(RECORDED INFORMATION)

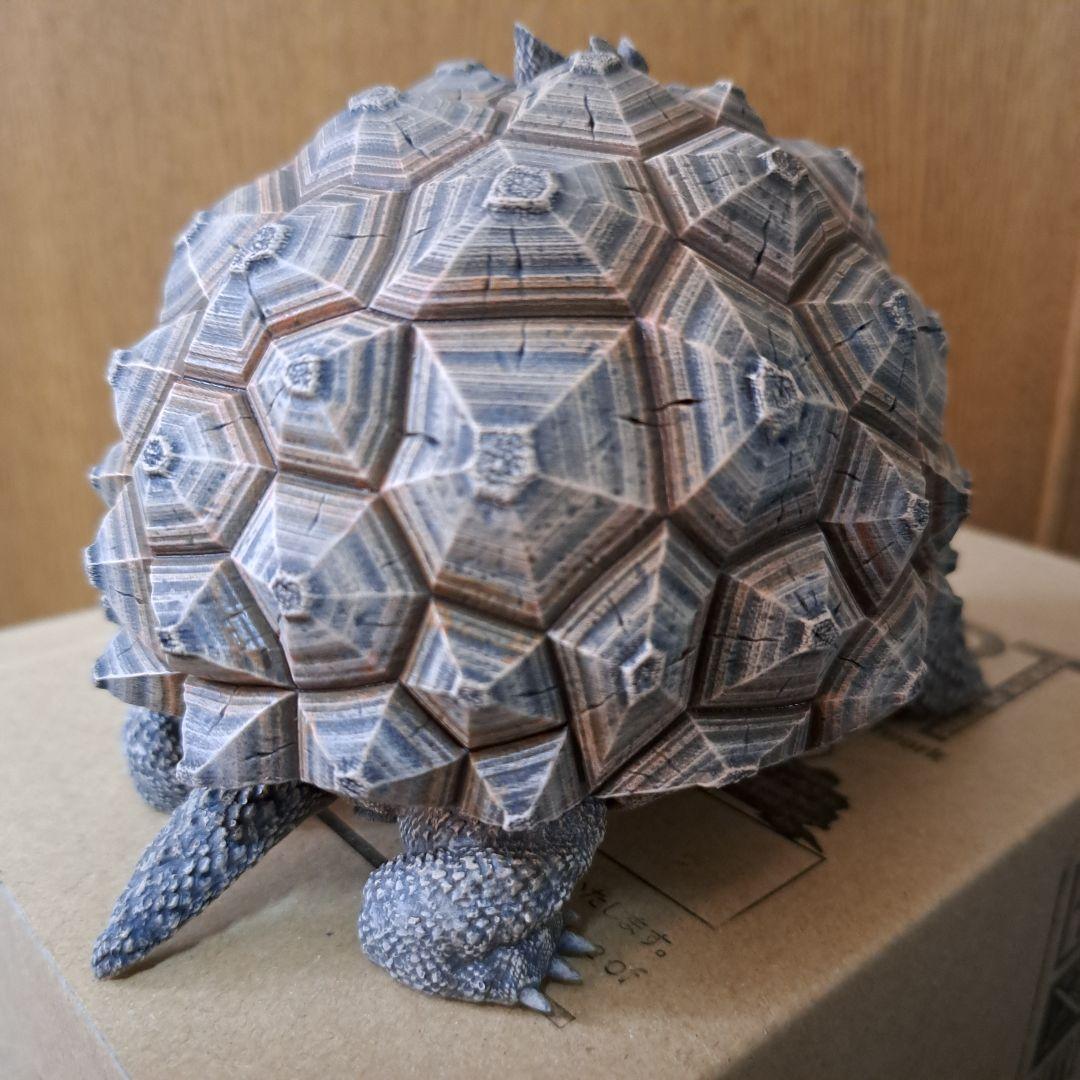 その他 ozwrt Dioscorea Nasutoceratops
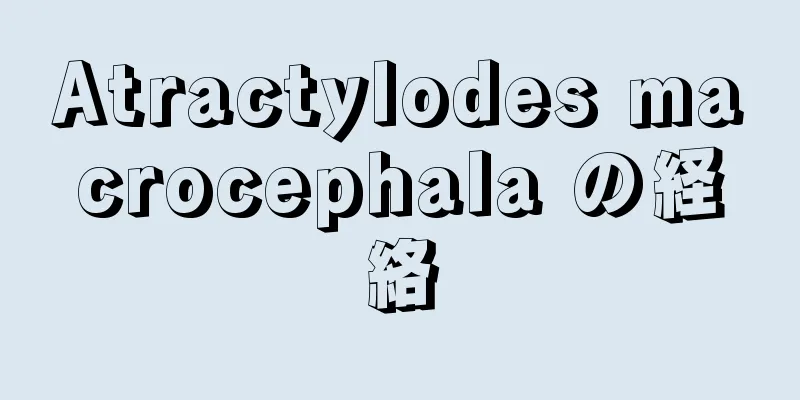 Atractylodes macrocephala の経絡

(End RECORDED INFORMATION)
(RECORDED INFORMATION)

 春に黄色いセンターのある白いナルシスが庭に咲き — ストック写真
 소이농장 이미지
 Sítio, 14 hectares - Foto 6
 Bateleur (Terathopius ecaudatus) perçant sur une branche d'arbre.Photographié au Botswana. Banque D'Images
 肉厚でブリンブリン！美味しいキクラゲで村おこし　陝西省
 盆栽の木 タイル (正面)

(End RECORDED INFORMATION)
(RECORDED INFORMATION)

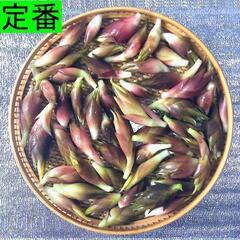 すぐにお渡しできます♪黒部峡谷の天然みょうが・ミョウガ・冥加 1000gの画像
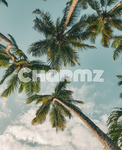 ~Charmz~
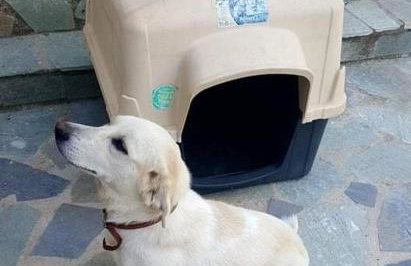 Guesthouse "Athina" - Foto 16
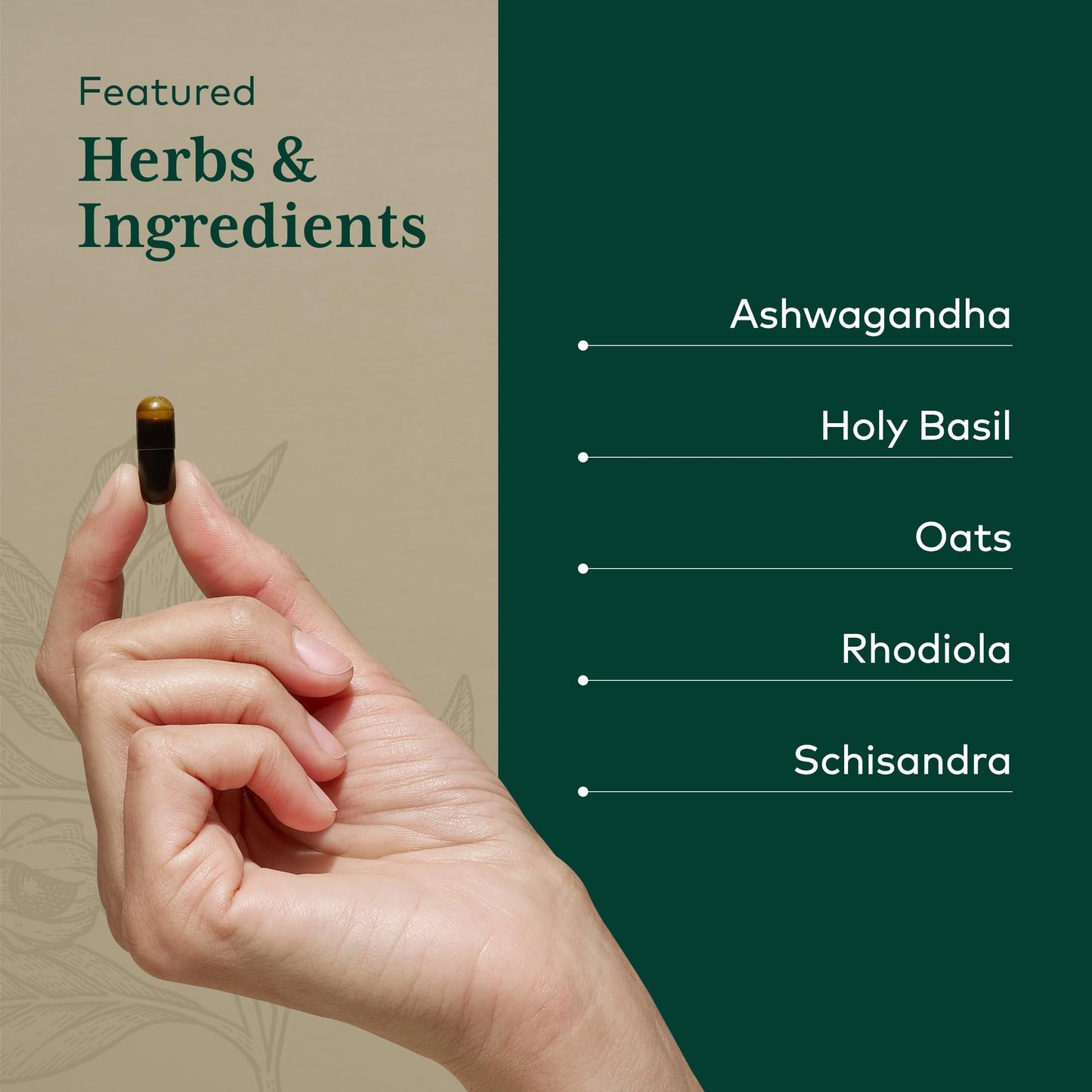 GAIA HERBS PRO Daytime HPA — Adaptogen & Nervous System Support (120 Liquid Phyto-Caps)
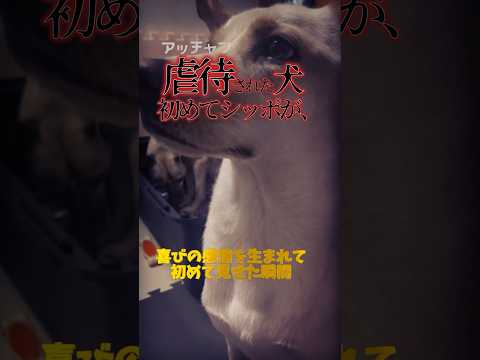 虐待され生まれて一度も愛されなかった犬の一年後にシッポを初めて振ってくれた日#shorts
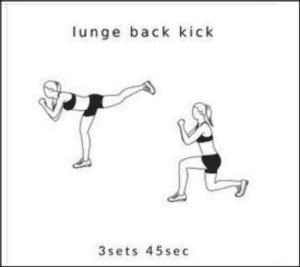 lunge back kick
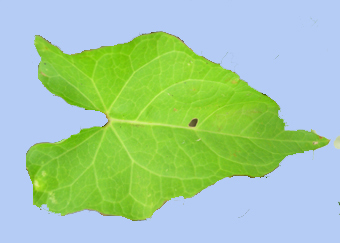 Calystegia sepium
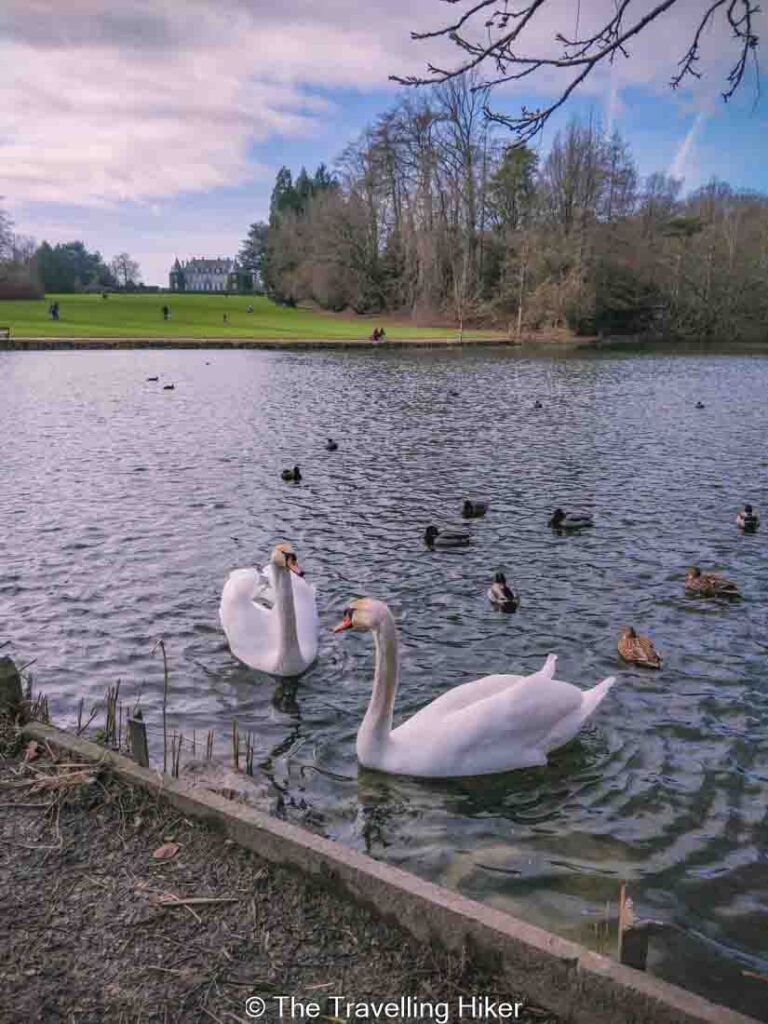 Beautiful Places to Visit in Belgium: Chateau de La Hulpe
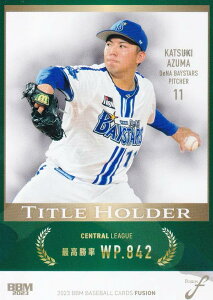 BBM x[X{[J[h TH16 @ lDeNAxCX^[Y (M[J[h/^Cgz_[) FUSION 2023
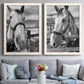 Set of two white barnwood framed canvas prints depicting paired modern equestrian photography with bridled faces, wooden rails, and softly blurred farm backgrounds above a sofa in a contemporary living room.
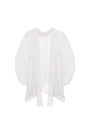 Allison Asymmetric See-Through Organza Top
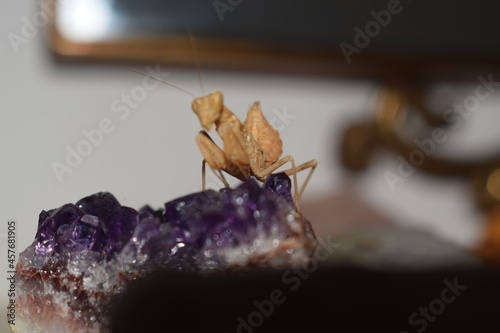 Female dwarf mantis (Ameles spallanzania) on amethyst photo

(End RECORDED INFORMATION)

> **WORK TASK**
Using the material above, transcribe exactly the lines from the one holding "GAIA HERBS PRO" to the one holding "Female dwarf mantis", both ends kept. Do not carry over any pictures.

> **RESPONSE TO THIS TASK**
 GAIA HERBS PRO Daytime HPA — Adaptogen & Nervous System Support (120 Liquid Phyto-Caps)
 虐待され生まれて一度も愛されなかった犬の一年後にシッポを初めて振ってくれた日#shorts
 lunge back kick
 Calystegia sepium
 Beautiful Places to Visit in Belgium: Chateau de La Hulpe
 BBM x[X{[J[h TH16 @ lDeNAxCX^[Y (M[J[h/^Cgz_[) FUSION 2023
 Set of two white barnwood framed canvas prints depicting paired modern equestrian photography with bridled faces, wooden rails, and softly blurred farm backgrounds above a sofa in a contemporary living room.
 Allison Asymmetric See-Through Organza Top
 Female dwarf mantis (Ameles spallanzania) on amethyst photo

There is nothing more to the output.